▶ _YOUR ASSIGNMENT_: Restate word for word the section of the entries that opens at the line containing "Birkenstock Gizeh Birko-flor" and closes at the line containing "4-delige houten kralen", both lines kept, pictures dropped.

▶ _MATERIAL PROVIDED_:
►

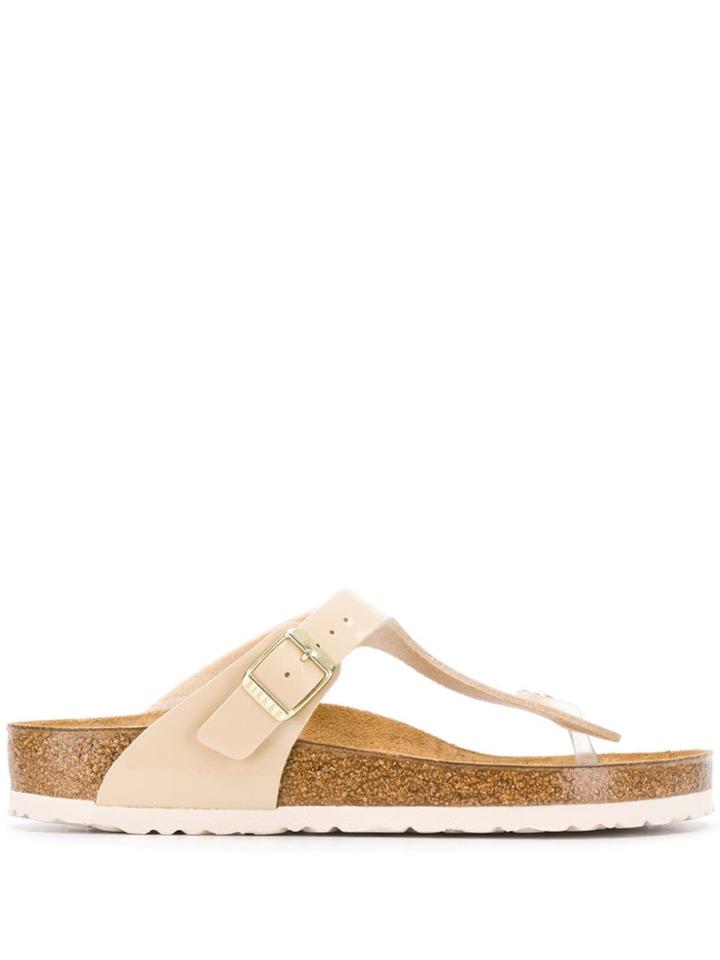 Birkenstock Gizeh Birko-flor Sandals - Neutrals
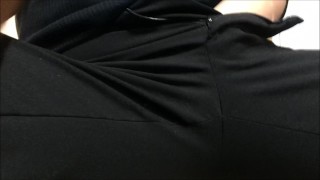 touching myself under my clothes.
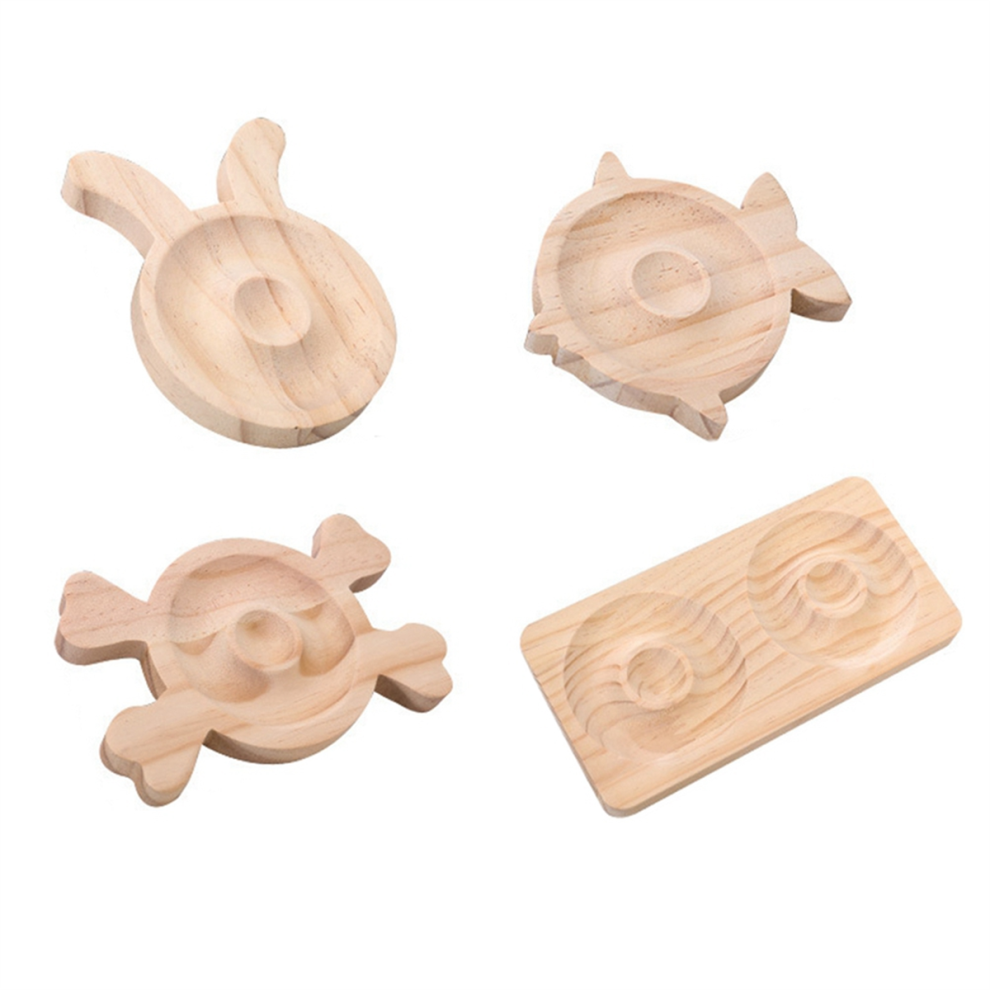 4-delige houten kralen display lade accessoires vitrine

◄
►

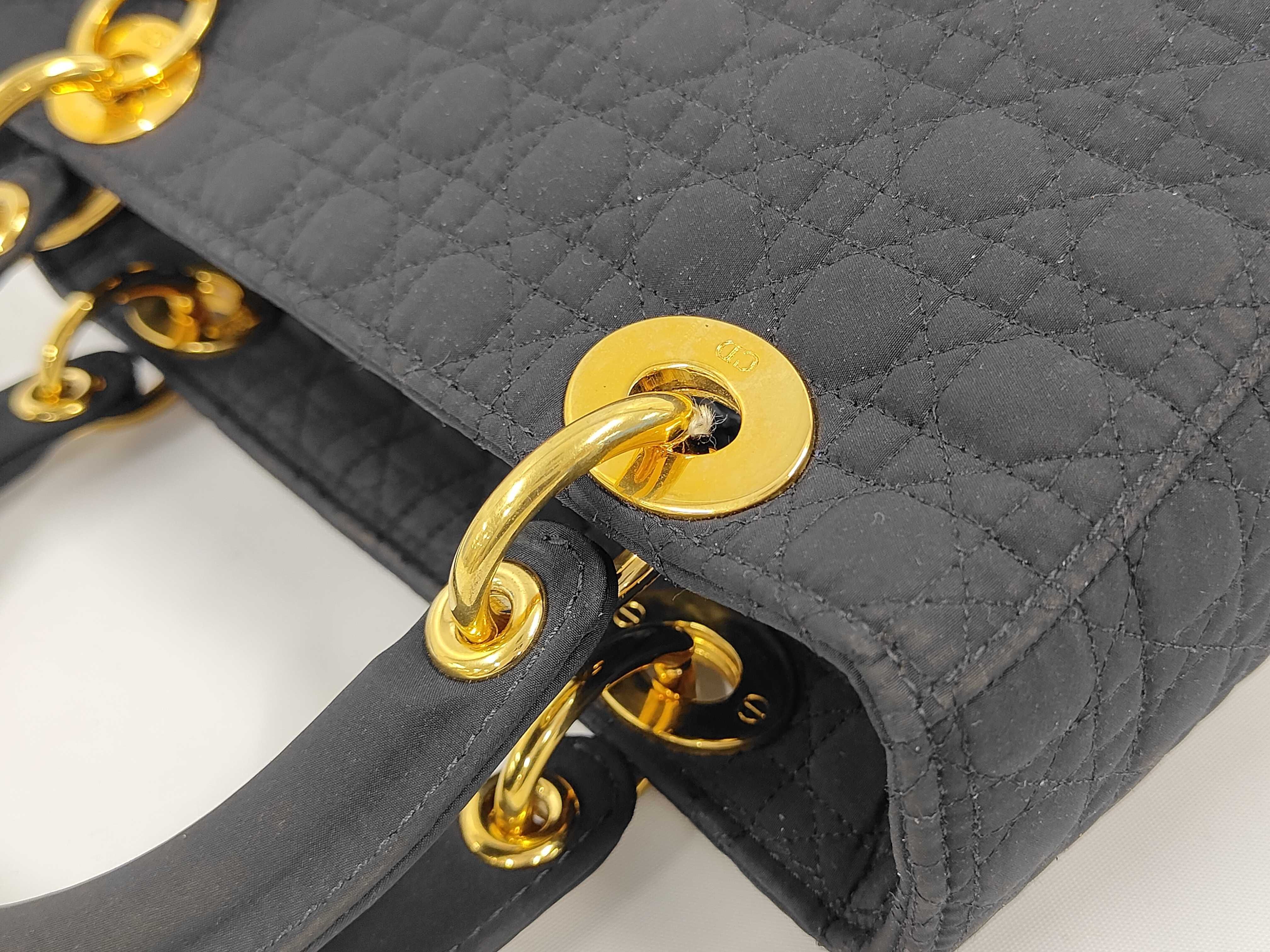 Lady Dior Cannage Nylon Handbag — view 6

◄

▶ _EXERCISE ANSWER_:
 Birkenstock Gizeh Birko-flor Sandals - Neutrals
 touching myself under my clothes.
 4-delige houten kralen display lade accessoires vitrine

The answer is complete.